Aug 15, 2008

China: More Tibet Activists Detained


Active ImageWestern student activists have unfurled a “Free Tibet” banner at the China Central Television tower.

  

Below is an article published by Aljazeera :

Five foreign activists have been detained in Beijing after they unfurled a "Free Tibet" banner at the new headquarters of state-run China Central Television.

The incident comes as the International Olympic Committee (IOC) urged China to allow foreign reporters at the games to report freely after police allegedly roughed up a British journalist trying to cover a Tibet protest.

Police said they mistook him for a protester.

On Friday [15 August 2008] three Americans, a Briton and a Canadian - all members of the New York-based Students for a Free Tibet group - scaled and hung the black-and-white banner from the Beijing building still under construction before police detained them.

Television footage showed them draped in Tibetan nationalist flags and helmets dangling from ropes from the new headquarters.

Protest platform

Pro-Tibet and other activists have sought to use the Beijing Olympics to draw attention to China's rights record and religious restrictions.

Following the incident with the British journalist, an IOC spokeswoman said the committee disapproved of "any attempts to hinder a journalist who is going about doing his job seemingly within the rules".

"This, we hope, has been addressed.

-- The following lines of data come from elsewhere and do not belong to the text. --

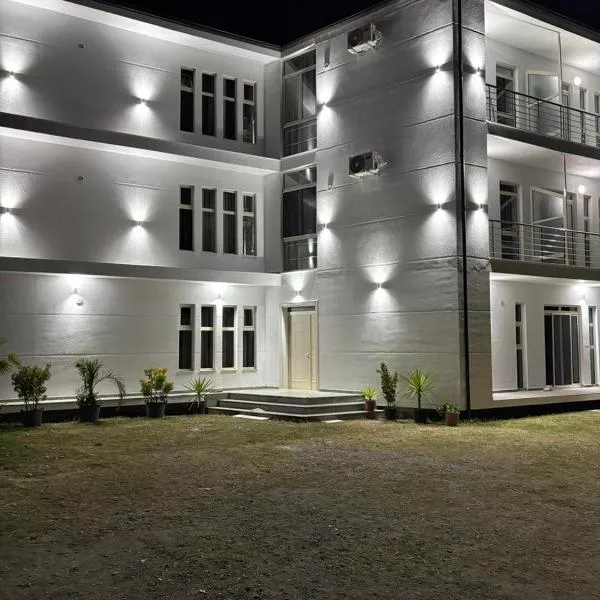 Vila Zyle, hotel di Velipojë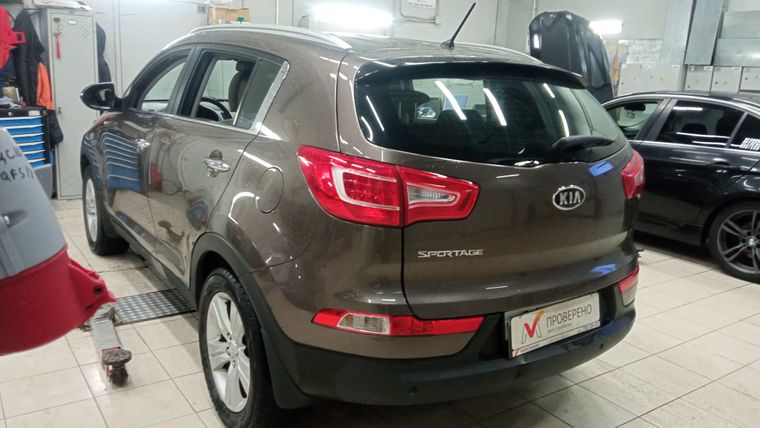 KIA Sportage 2011 года, 105 366 км - вид 4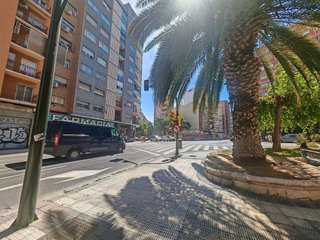 Local comercial en venta en Paseo Independencia en Zaragoza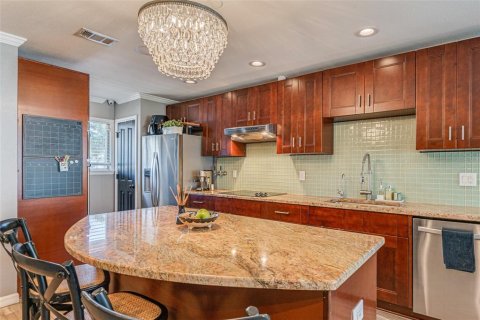 Copropriété à louer à Tampa, Floride: 2 chambres, 99.22 m2 № 1893916 - photo 4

We don't want to see this happening again," Giselle Davies said.
Activists have also complained that protest zones designated by games organisers were set up as a way to catch dissidents, and not to let them speak out.

Police have detained at least one person who applied to hold a demonstration in one of three designated protest parks.

"It's clear to us that the protest zones are just a cynical public relations ploy on the part of the Chinese authorities," Lhadon Tethong, of Students for a Free Tibet, said. "Sadly, I think the protest zones are just a trap at some level."

On Thursday [14 August 2008], Wang Wei, the Beijing organising committee vice-president, in suggesting that critics were nitpicking, called the protest parks "one step further for China to open up and I think it's [a] very good gesture".